PROBLEM TO SOLVE
Skip the pictures. Repeat everything else in the records word for word.

------------------------------------

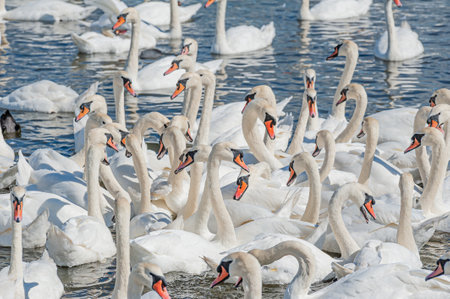 A huge flock of mute swans gather on lake. Creating a truly beautiful and amazing sight. Cygnus olor.の写真素材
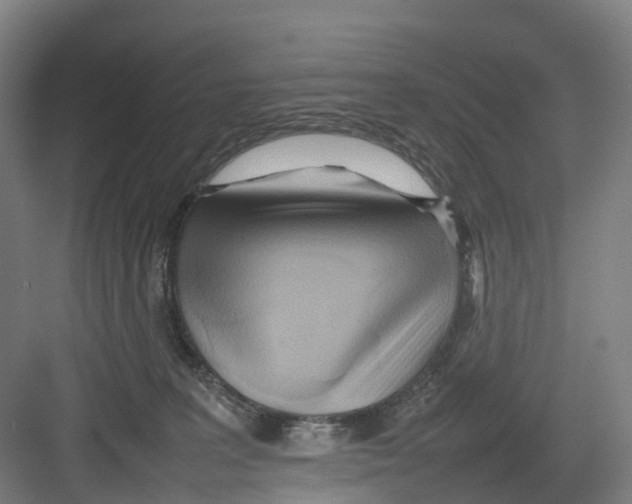 X0000082140227200702162151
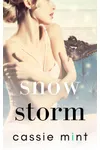 Snow Storm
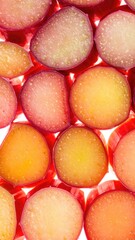 Rhubarb stalks sliced and backlit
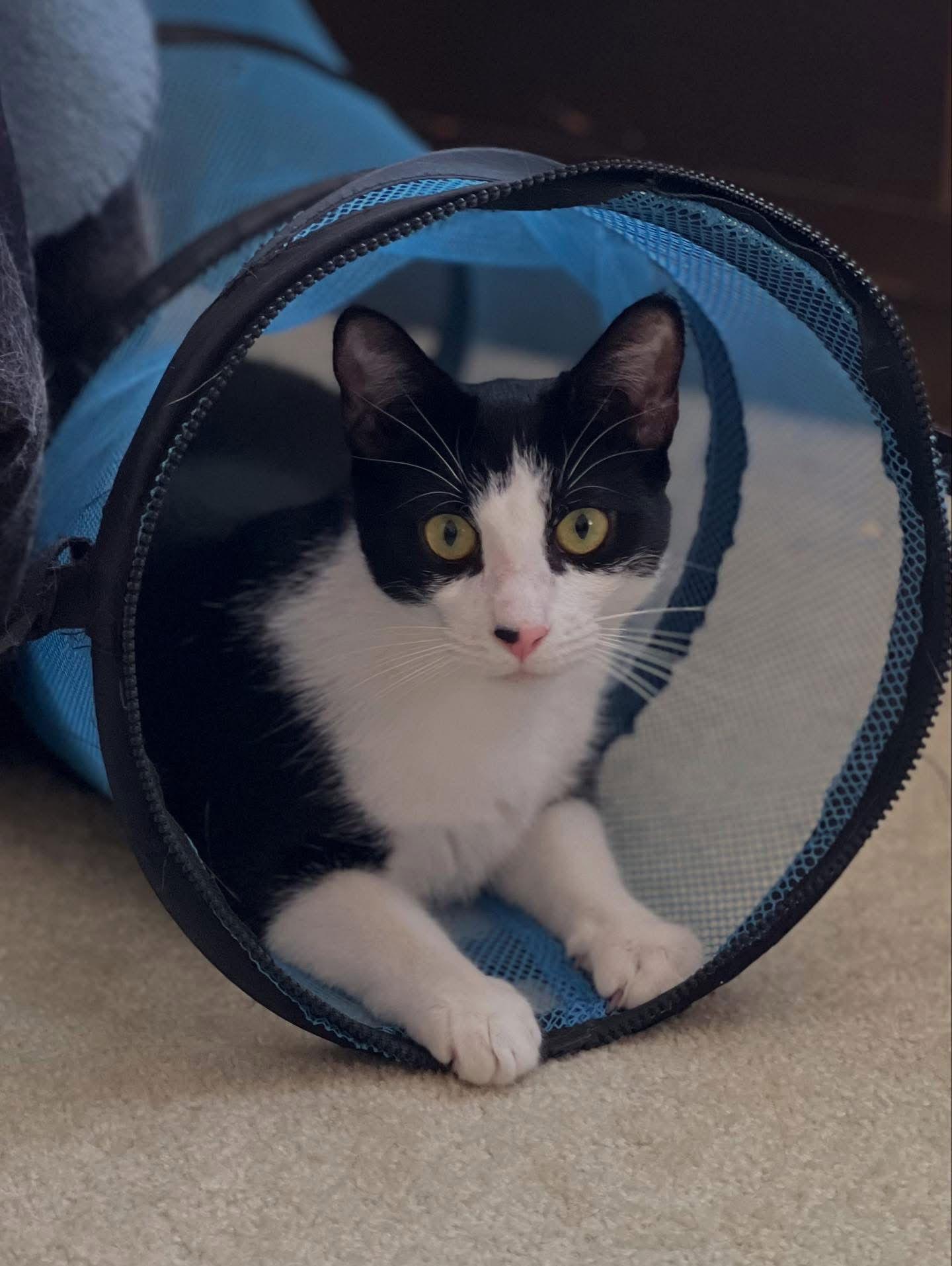 Enlarge Poppy, a Adoptable Domestic Short Hair in Newtown Square, PA image 1/3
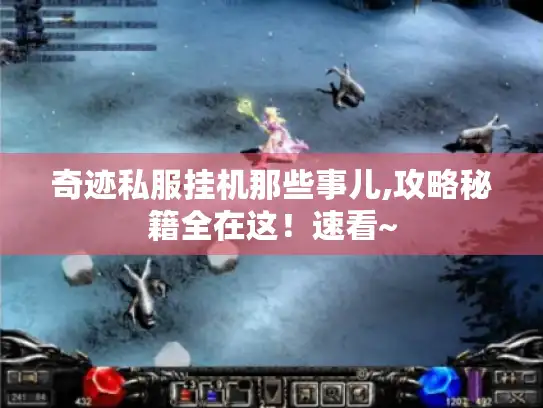 奇迹私服挂机那些事儿,攻略秘籍全在这！速看~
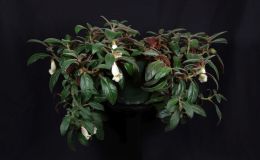 2018 ConventionNew World Gesneriads in Flower – Fibrous-RootedClass 18 NematanthusBEST IN SECTION C – NEW WORLD FIBROUS-ROOTED GESNERIAD IN FLOWERBEST SCENTED GESNERIAD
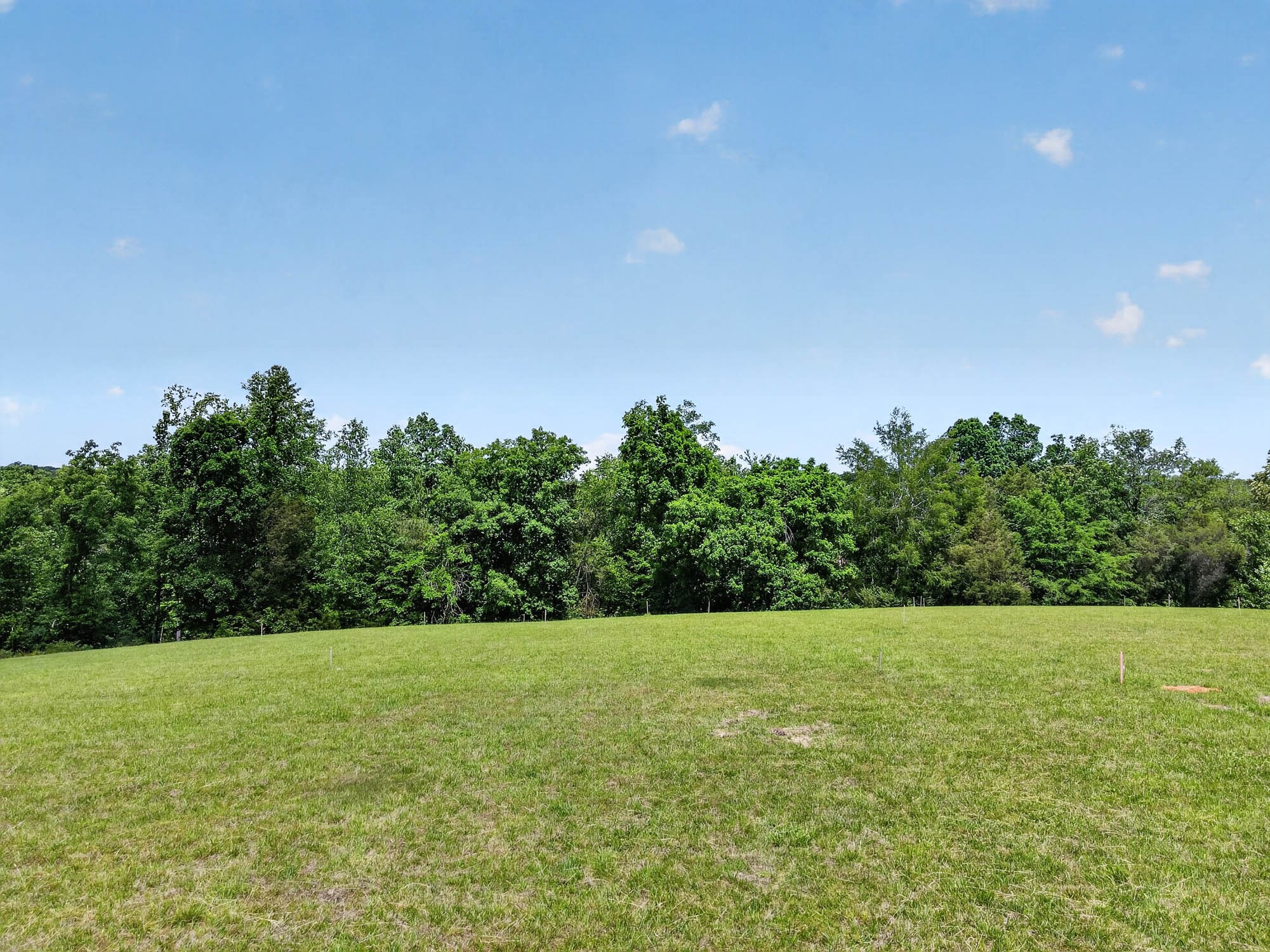 7393 South Harpeth Road Franklin, TN 37064 - Photo 14 of 27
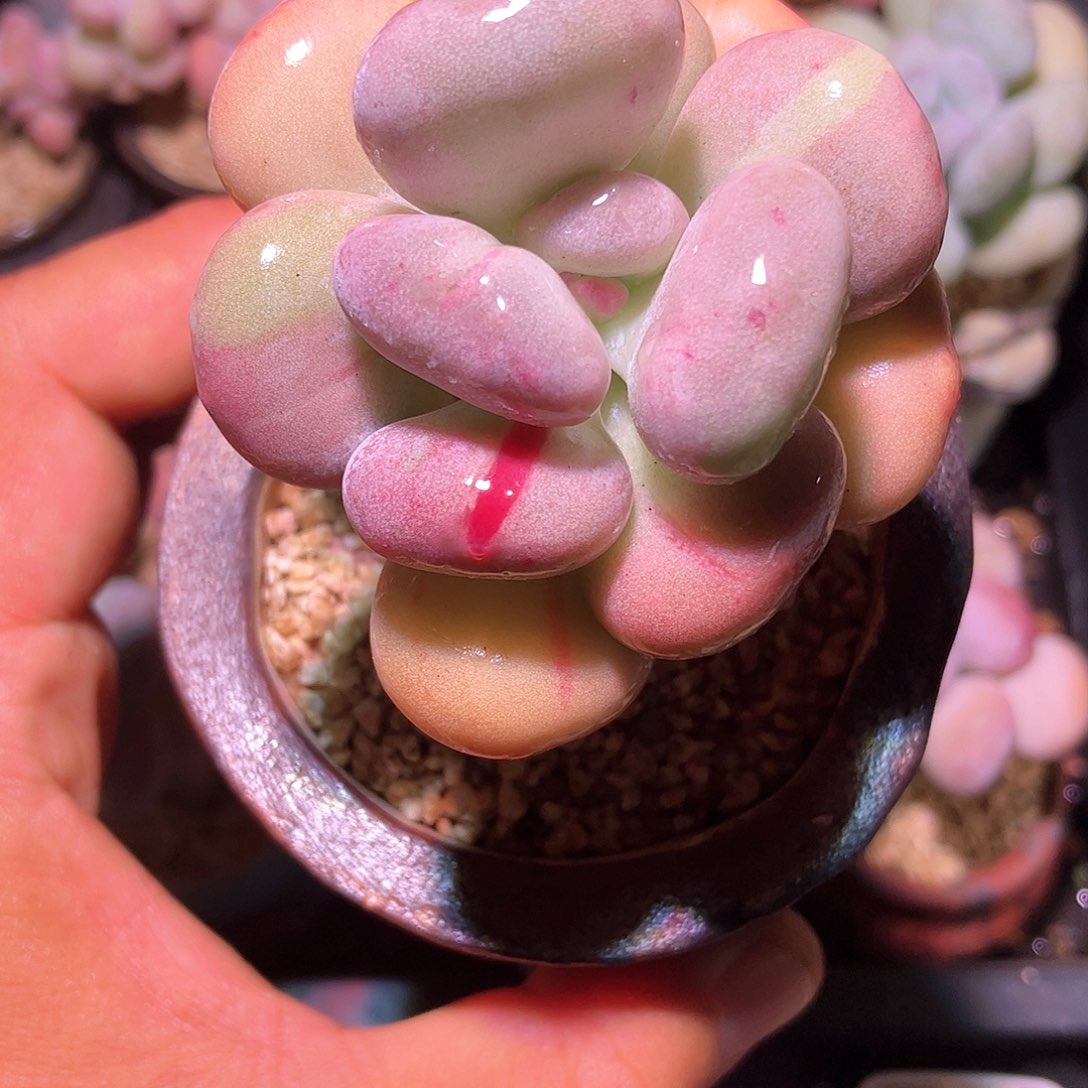 油煎多肉一物一拍多肉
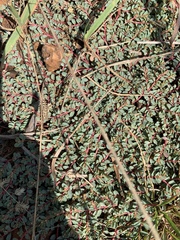 Euphorbia inaequilatera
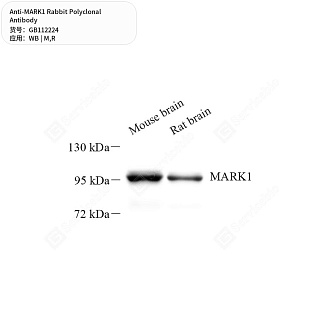 Антитела первичные, поликлональные кролика к MARK1 крысы, мыши, 50 мкл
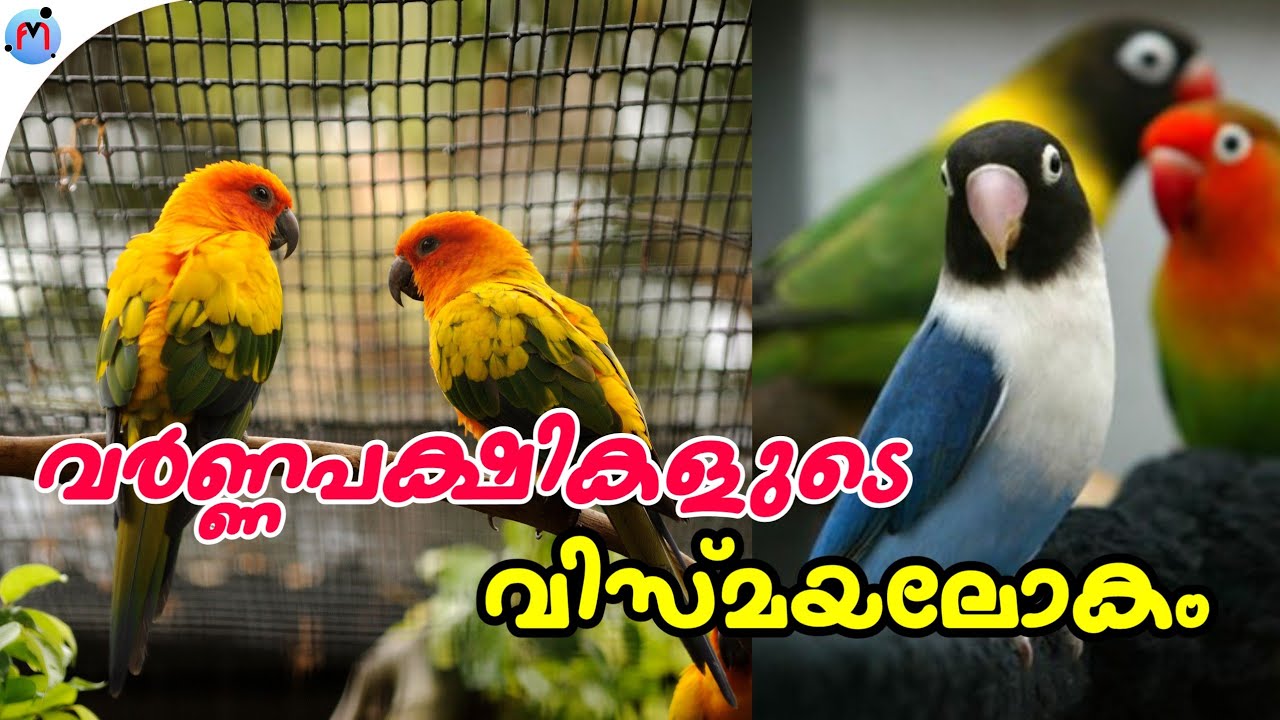 Bird farm in kerala | Heavenly birds kollam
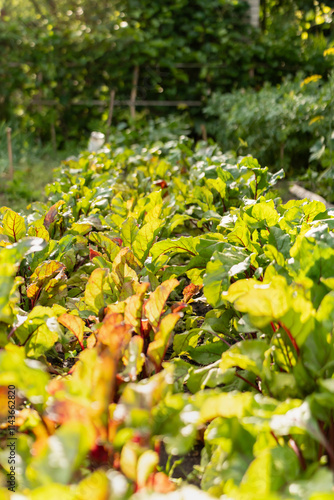 Beetroot Patch with Green Leaves and Red Veins. Red beet plantation. Concept healthy eating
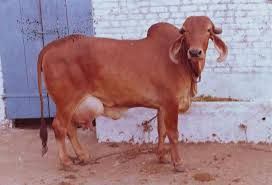 Gir Cow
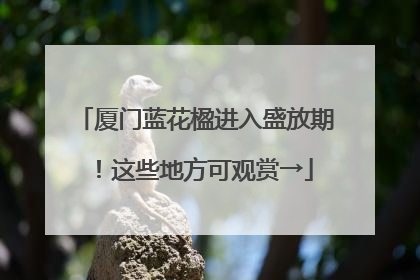 厦门蓝花楹进入盛放期！这些地方可观赏→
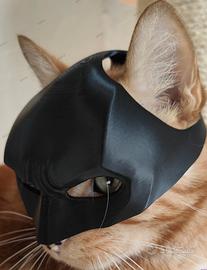 Maschera Batman per gatto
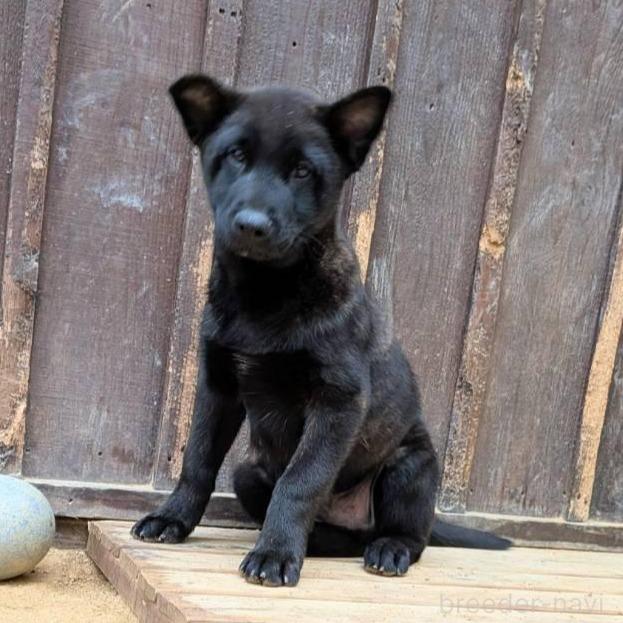 販売中の岡山県の甲斐犬-373757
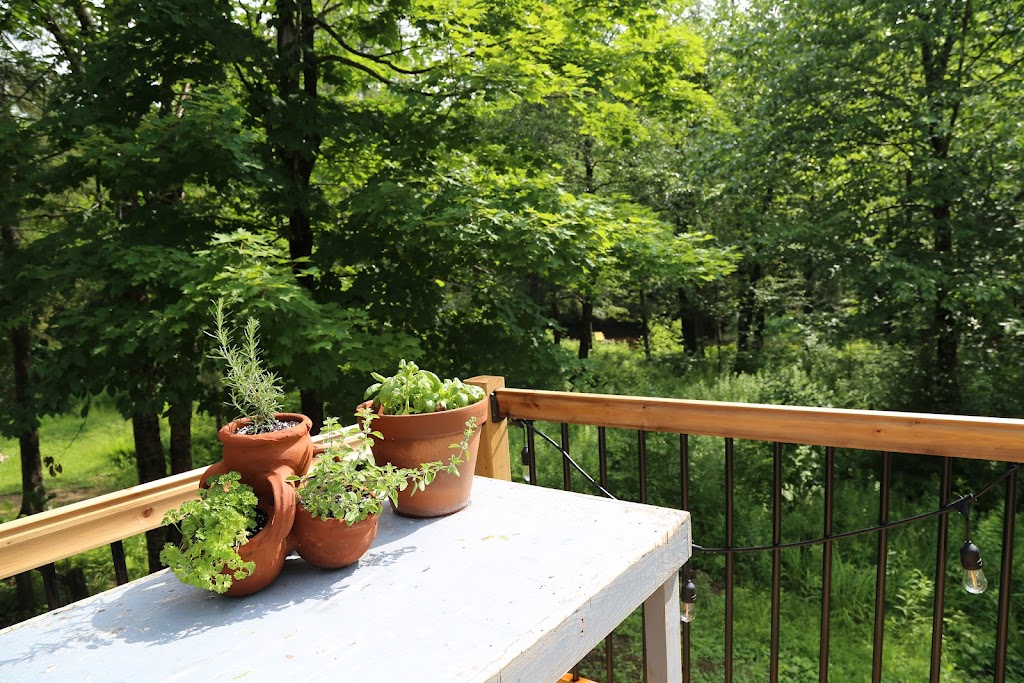 The Lazy River Chalet | 451 Chem. Fany, Namur, QC J0V 1N0, Canada | Phone: (514) 653-0147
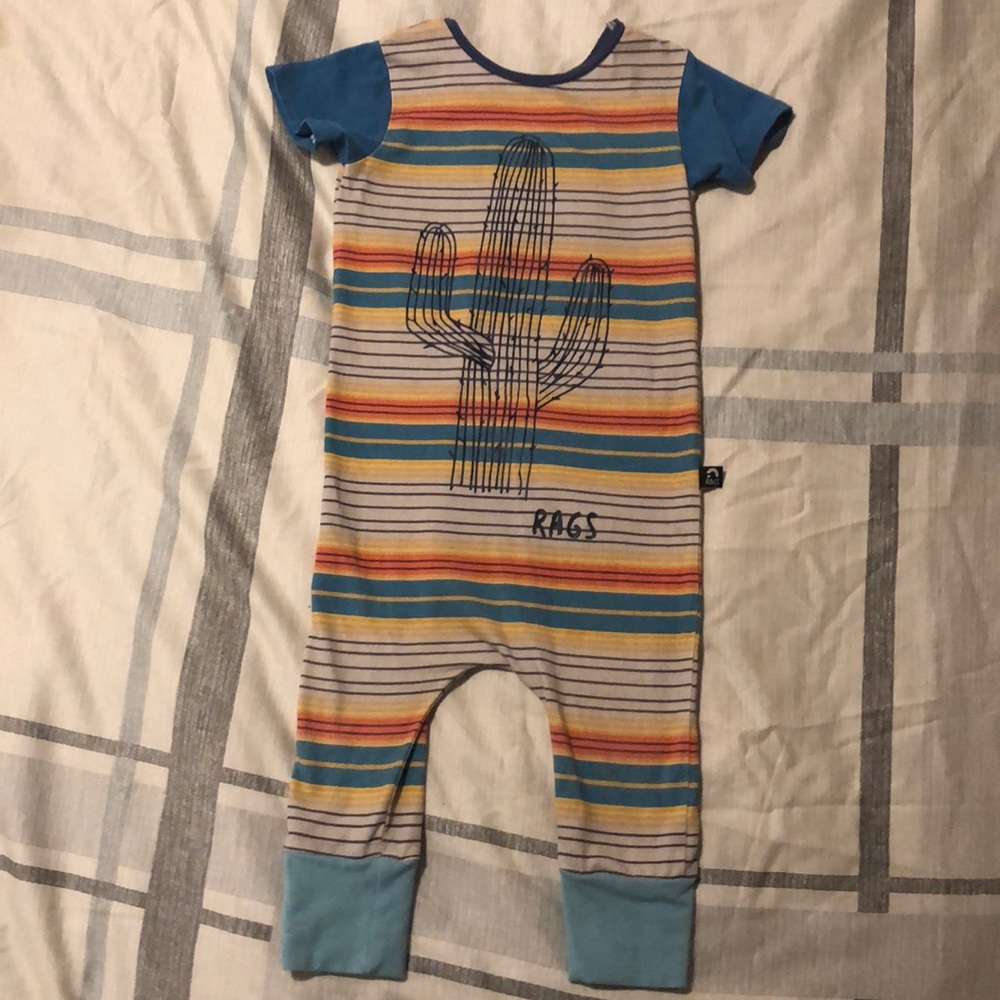 SW cactus strip Rags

------------------------------------

PROBLEM SOLUTION
 A huge flock of mute swans gather on lake. Creating a truly beautiful and amazing sight. Cygnus olor.の写真素材
 X0000082140227200702162151
 Snow Storm
 Rhubarb stalks sliced and backlit
 Enlarge Poppy, a Adoptable Domestic Short Hair in Newtown Square, PA image 1/3
 奇迹私服挂机那些事儿,攻略秘籍全在这！速看~
 2018 ConventionNew World Gesneriads in Flower – Fibrous-RootedClass 18 NematanthusBEST IN SECTION C – NEW WORLD FIBROUS-ROOTED GESNERIAD IN FLOWERBEST SCENTED GESNERIAD
 7393 South Harpeth Road Franklin, TN 37064 - Photo 14 of 27
 油煎多肉一物一拍多肉
 Euphorbia inaequilatera
 Антитела первичные, поликлональные кролика к MARK1 крысы, мыши, 50 мкл
 Bird farm in kerala | Heavenly birds kollam
 Beetroot Patch with Green Leaves and Red Veins. Red beet plantation. Concept healthy eating
 Gir Cow
 厦门蓝花楹进入盛放期！这些地方可观赏→
 Maschera Batman per gatto
 販売中の岡山県の甲斐犬-373757
 The Lazy River Chalet | 451 Chem. Fany, Namur, QC J0V 1N0, Canada | Phone: (514) 653-0147
 SW cactus strip Rags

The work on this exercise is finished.